Update | Ratings agency Fitch cuts global growth forecast to 2.3 per cent, weakest since financial crisis

In the face of  China’s weakening economy, ratings agency Fitch has cut its global growth forecast for this year to 2.3 per cent from 2.4 per cent, its weakest estimate since the financial crisis in 2009, the agency said yesterday.

Fitch also slashed its gross domestic product forecast next year  to 6.3 per cent from 6.5 per cent, although its numbers for this year remain  unchanged at 6.8 per cent.

The adjustment came amid  signs of weakness in some of China’s forward-looking indicators. Fitch has cut its growth forecast for 2017 to 5.5 per cent from 6 per cent based on a reassessment of the economy’s medium-term adjustment path.

 Andrew Colquhoun, the head of Asia-Pacific sovereigns at  Fitch, said the global GDP cut was largely driven by pressures on emerging markets including recession in Brazil and Russia, and structural adjustment in China.

“Growth in the major advanced economies is projected to pick up into 2016 but with downside risk from any rebound from the weakness in emerging markets,” Colquhoun said.

“However, the picture for emerging markets is not uniformly gloomy and some countries including India, the Philippines and Vietnam are less exposed to the current conjunction of risks.”

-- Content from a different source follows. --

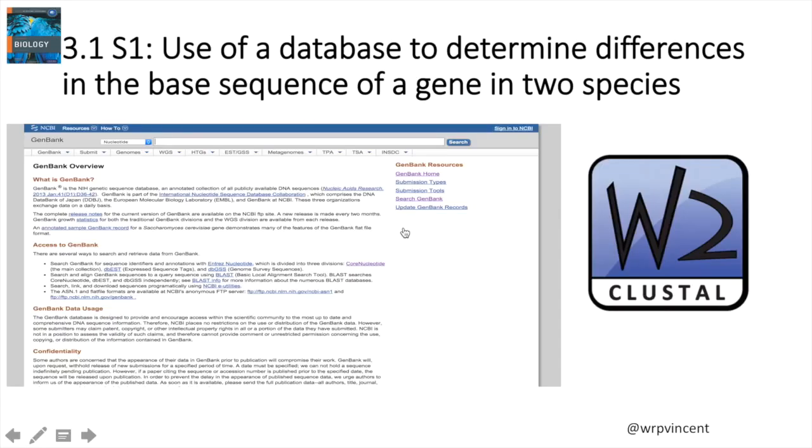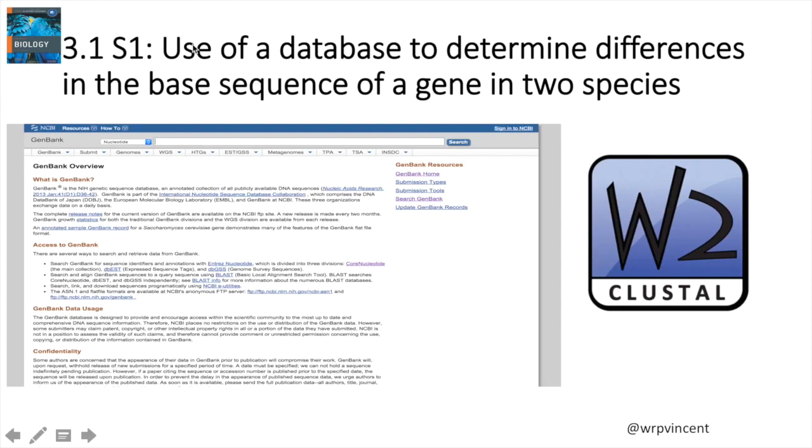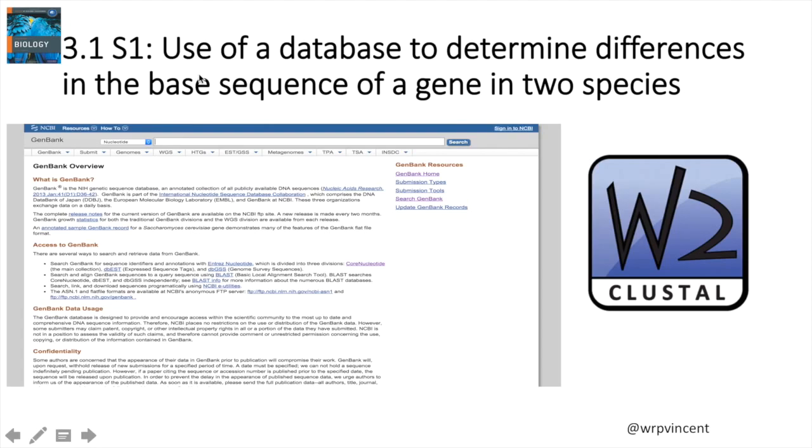Hello there. In this first database activity for topic three, we're going to be looking at the skill, the assessment statement for 3.1. Skill one is use of a database to determine differences in the base sequence of a gene in two species. In this activity, I'm going to show you how you can use some information online to actually complete this task.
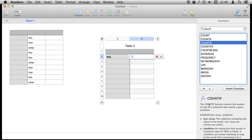This counts the number of cells that satisfy a given condition. Ah, that's kind of what we want here. So let's try that.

Fitch forecast global growth will improve  with  GDP  increasing 2.7 per cent in 2016 and 2017 on some recovery  in emerging markets. Growth in major advanced economies is forecast to strengthen to 2 per cent in 2016, the fastest since 2011.

 

Fitch on Thursday had said if China were to have  a hard landing, Hong Kong, South Korea and Japan would be hardest hit due to their strong trade relationship with China.

Derek Lai Kar-yan, the managing partner of Deloitte China’s southern region, said China’s economic outlook in the fourth quarter was not looking good.

“China still suffers from the  problem of oversupply of materials. Property, stocks investment and retailers performed poorly in the third quarter and the fourth quarter will  be unlikely to have a quick bounce back,” Lai said.

He believes China will initiate some measures to support  industries such as infrastructure.

“But then, not all industries will  get government support. Overseas markets are not doing good either with the US likely to increase the interest rate in the fourth quarter. I believe  Hong Kong and mainland China’s economic growth will  slow down this year,” Lai said.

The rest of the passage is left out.